Flexible reporting. Save a tree. Users should be able to print just what they need, and any changes to the underlying financial model should be automatically reflected in reports.
Unlimited dimensional and aggregation levels. The OLAP cube can be built with unlimited dimensions, and aggregation of the contained data also does not have practical limits.
Codd twelve rules of OLAP provide us an essential tool to verify the OLAP functions and OLAP models used are able to produce desired result. A good OLAP system should also support a complete database management tools as a utility for integrated centralized tool to permit database management to perform distribution of databases within the enterprise. OLAP ability to perform drilling mechanism within the MDDB allows the functionality of drill down right to the source or root of the detail record level. This implies that OLAP tool permit a smooth changeover from the MDDB to the detail record level of the source relational database. OLAP systems also must support incremental database refreshes. This is an important feature as to prevent stability issues on operations and usability problems when the size of the database increases.
OLTP and OLAP
The design of OLAP for multidimensional cube is entirely different compare to OLTP (Online Transactional Processing) for database. OLTP is implemented into relational database to support daily processing in an organization. OLTP system main function is to capture data into computers. OLTP allow effective data manipulation and storage of data for daily operational resulting in huge quantity of transactional data. Organizations build multiple OLTP systems to handle huge quantities of daily operations transactional data can in short period of time.
OLAP is designed for data access and analysis to support managerial user strategic decision making process. OLAP technology focuses on aggregating datasets into multidimensional view without hindering the system performance.

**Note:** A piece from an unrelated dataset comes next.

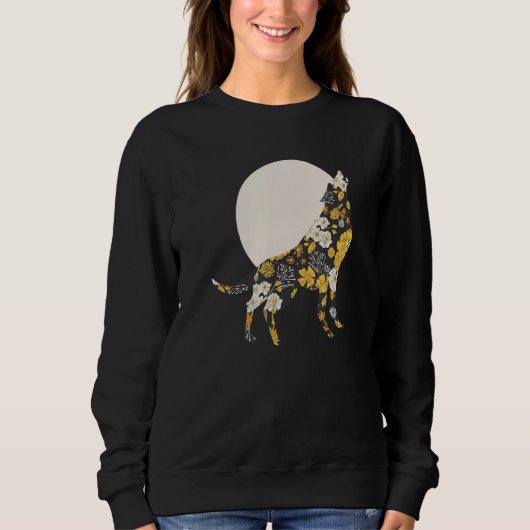 Wolf Silhouette Flower Pattern Dog   Friends Trui (Voorkant)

OLTP systems is defined as a “Customer oriented” and OLAP is a “market oriented”. Major differences between OLTP and OLAP systems are shown below.
|Characteristics||Can handle large numbers of small online transactions.||Handles large volumes of data.|
|Query||Simple queries, such as Insert, Delete, and Update information.||Complex queries which require aggregations.|
|Database Design||Normal, with many tables.||Usually with fewer tables and can include star or snowflake schemas.|
|Method||Uses traditional DBMS.||Uses data warehouses.|
|Sources||The OLTP itself and respective transactions correspond to the sources of data.||The various OLTP databases become the data sources for OLAP.|
|Data Quality||Huge effort to ensure the data is ACID-compliant.||The data may not be as organized, but what really matters is the capacity to navigate through the dimensions of the data.|
|Functionality||Online database which modifies a system by controlling and running essential business tasks in real time.||Online database query management system that allows users to discover hidden insights, plan, support decisions, and solve problems.|
|Speed||Typically very fast processing.||Depends on the amount of data. Creating indexes can enhance query speed.|
|Backup and Recovery||Regular backups are vital to ensure the business keeps running since data loss can lead to monetary loss and legal issues.||Requires backup from time to time, and lost data can be reloaded from OLTP database when needed.|
It is complicated to merge OLAP and OLTP into one centralized database system. The dimensional data design model used in OLAP is much more effective for querying than the relational database query used in OLTP system. OLAP may use one central database as data source and OLTP used different data source from different database sites. The dimensional design of OLAP is not suitable for OLTP system, mainly due to redundancy and the loss of referential integrity of the data. Organization chooses to have two separate information systems, one OLTP and one OLAP system.
We can conclude that the purpose of OLTP systems is to get data into computers, whereas the purpose of OLAP is to get data or information out of computers.